Now, add the people that came before and after the grand opening because of the advertising, as well as the word-of-mouth recommendations from the people who ate at your restaurant, and you can see that the $5,000 ad spend might have been a great investment—if you look at the long-term value of customers
One of our favorite analyses is to use pay-per-click data for advertising. Let’s look at tea subscription business. We’ll assume 50% margins on the tea.
We’ll go with $.50 per click for keywords related to your product. In my experience, you can expect about 1 in 25 or even 1 in 50 of the people who visit a good website to make a purchase. So, you’re looking at between $12.50 to $25.00 for a sale. If your average sale is $40, you’d be looking at marketing costs between 31.25% and 62.5%, which means you would make almost nothing or lose money on each sale. Ouch!
But, let’s expand our analysis to look at the lifetime value of customers. For our sake, we’ll limit it to one year. If you have a Tea Society Club and 25% of your new customers purchase a subscription for a package a month at $40, you now have a value of each customer somewhere between $40 and $480 ($40/month for a year). Realistically, you’ll have many people stop their subscription, so go with half the total potential and assume $240, which would translate into $125 profit. Would you trade $25 for $125? Of course.
The 75% of the purchases that did not join the Tea Society are also worth something. Let’s say, on average, they order twice more a year—an additional $80 each, in addition to their first $40: $120, $60 profit. Again, $25 for $60 profit? Yes, in my book.

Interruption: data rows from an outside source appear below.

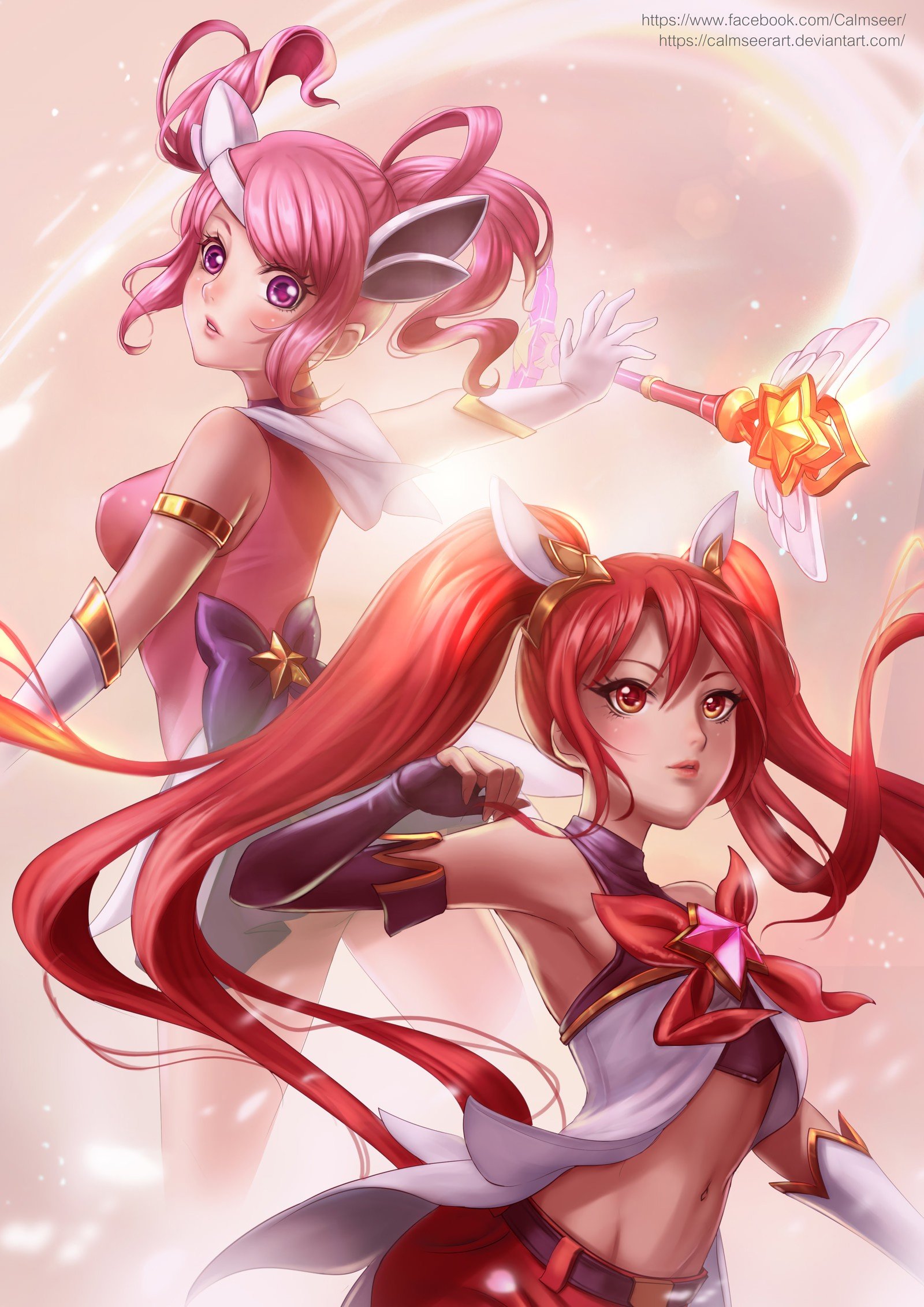 Star Guardian Lux & Jinx by CalmseerArt HD Wallpaper Background Fan Art Artwork League of Legends lol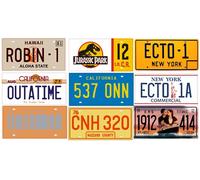 OPO 10 Conjunto de 9 réplicas de matrículas de automóviles de Las Famosas películas Jurassic Ghostbusters Starsky Magnum Titanic y Back TO The Future (PF06)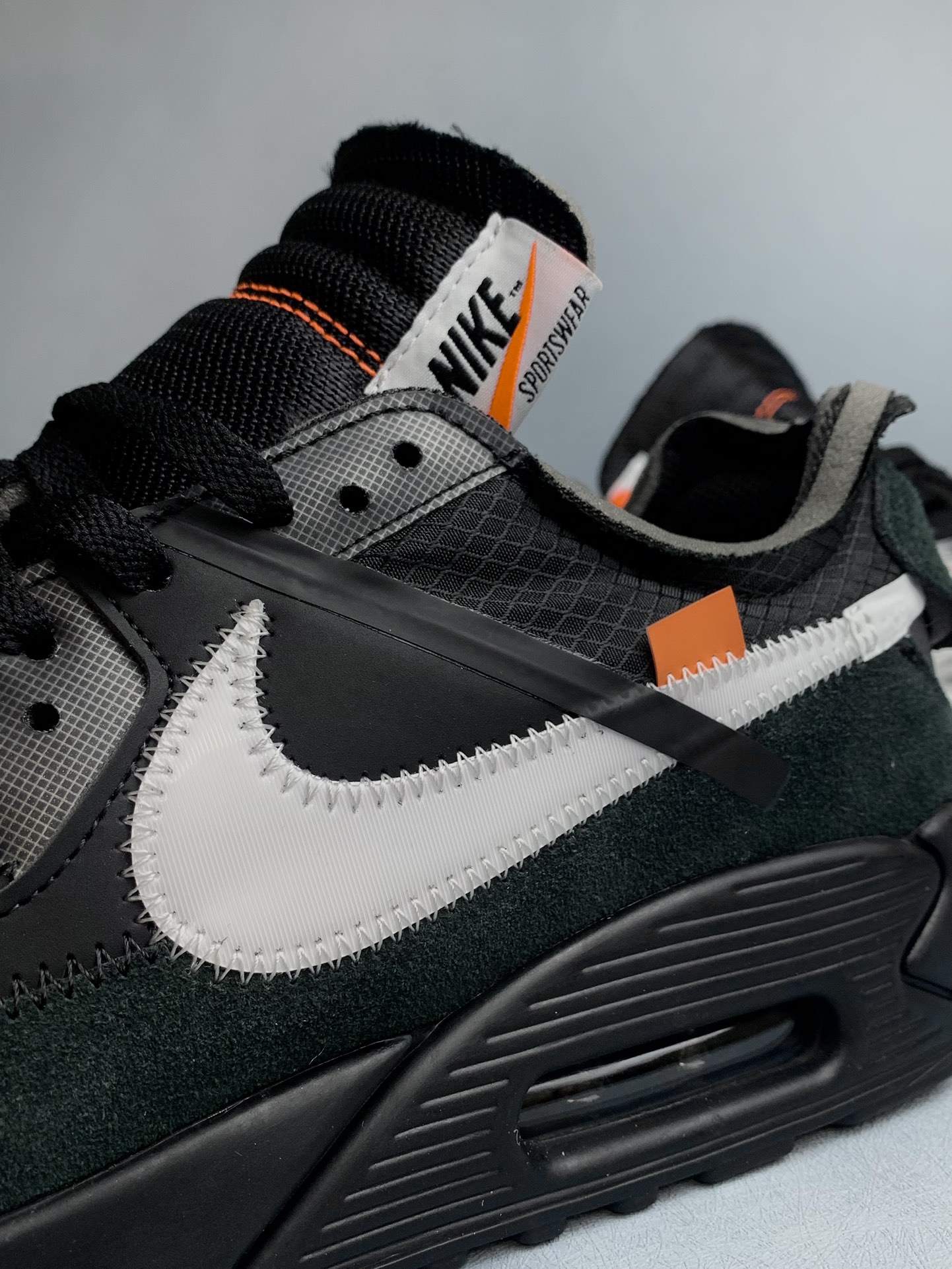 Off-White × Nike Air Max 90 "Black/Black-Cone-White"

Unfortunately, my entrepreneurs look at advertising costs very narrowly; what did I spend, and what did I make at that time? That would be the right way to look at things if you are promoting a concert or a limited-availability product. That said if you are trying to win new customers, especially if you have a product that is consumable, taking a broad approach to examining your marketing costs will help you make better decisions.
As a side note, any college student will tell you they are inundated with offers for credit cards. They might receive 5-10 solicitations a week. Why would a bank spend so much to win a customer that has little credit history, few assets, and a limited income? The answer is simple: people seldom change credit cards, so the lifetime value of a credit card customer is huge. It’s very worthwhile to spend a lot on these young, future high earning students.